Funny Girl - Nick Hornby

Reading "Funny Girl" was like meeting an old friend and being reminded all over again why you liked them so much in the first place. With wit, optimism and gentle compassion, Nick Hornby summons up the zeitgeist of Britain in the 1960s and 70s through the medium of TV comedy on the BBC.

 

Like Hornby himself, I was a child in the 1960s, so I missed some of then nuances of BBC comedy, failing to see what was daring and subversive but still understanding what was truly funny.

 

Hornby helped me to remember what it was like at the start of the 60s when we had only two TV channels in England,the BBC and ITV. EVERYBODY watched the same programs and discussed them the next day because those were the only programs available. I was seven when BBC 2 went on air in 1964 but I couldn't watch it because we didn't have a telly that could cope with the fancy 625 line UHF transmission. We were still watching a small box with a big tube that used the much lower definition 405 line VHF transmission. Of course, back then, everything was in glorious black and white. Even so, programs like the BBC's Comedy Playhouse attracted huge audiences and launched series that EVERYONE watched (Steptoe and Son, launched by the Comedy Playhouse, attracted audiences of up to 28 million - about half of the population of the UK at the time).

 

"Funny Girl" tells the story of Barbara, a young woman from "up North" who declines to accept the title of Miss Blackpool and moves south to London to follow in the footsteps of her idol, Lucille Ball and become a comedian.
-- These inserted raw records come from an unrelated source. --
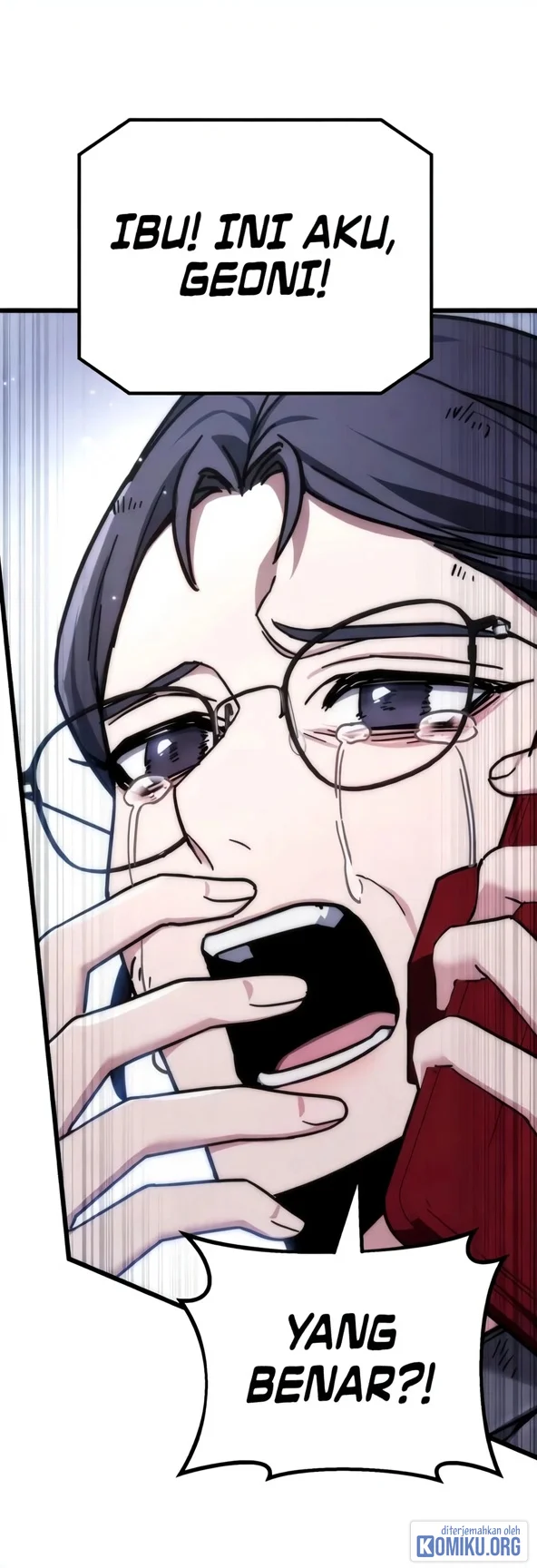 The Ultimate Shut-In Chapter 100 Gambar 15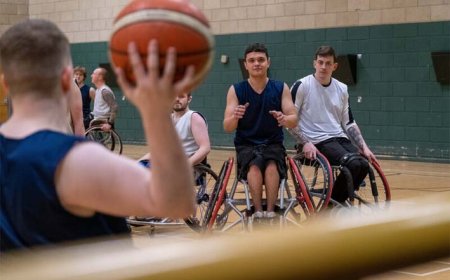 Esporte e Inclusão Social: Transformando Vidas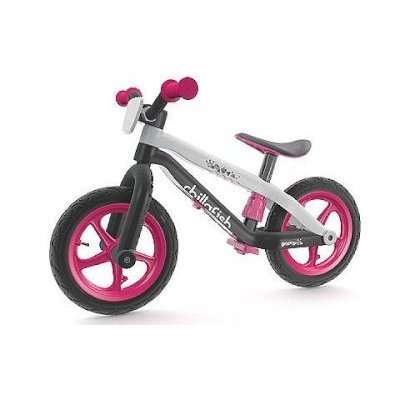 Chillafish BMXie Balance Bike Killer Queen - Pink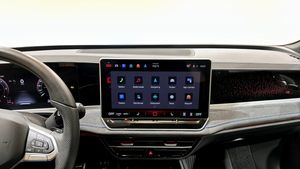 Volkswagen Passat bild 10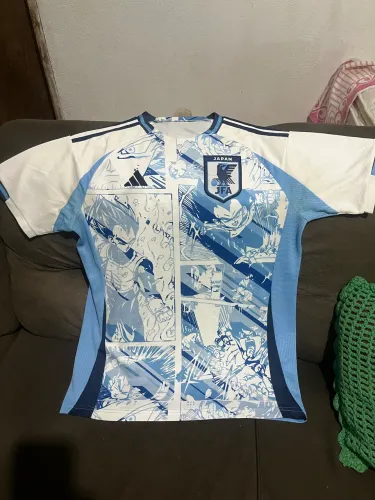 Camisa Japão edição limitada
She clicks with the writers of a new show for the BBC, they re-write the show as showcase for her and her career takes off.
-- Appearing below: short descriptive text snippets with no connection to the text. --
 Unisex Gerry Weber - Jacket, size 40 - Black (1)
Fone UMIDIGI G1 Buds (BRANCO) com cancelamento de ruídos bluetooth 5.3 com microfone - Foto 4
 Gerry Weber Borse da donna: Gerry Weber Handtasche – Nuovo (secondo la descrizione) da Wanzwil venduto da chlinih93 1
As we follow Barbara's career from ingénue through comic star to redoubtable Dame of British Television, Nick Hornby helped me understand the transitions that Britain was going through and the role comedy played in helping audiences to understand themselves.

 

I was deeply impressed by Nick Hornby's ability to write a novel that often made me laugh but which is centred around very believable, very human characters, with strengths and flaws and personality quirks, who he describes with a compassion that comes very close to love and which generates a possibility of hope that I found very affecting.

 

This well written book was made even better in audio by a superb performance by Emma Fielding who got every voice and every accent absolutely right and amplified the value of every page.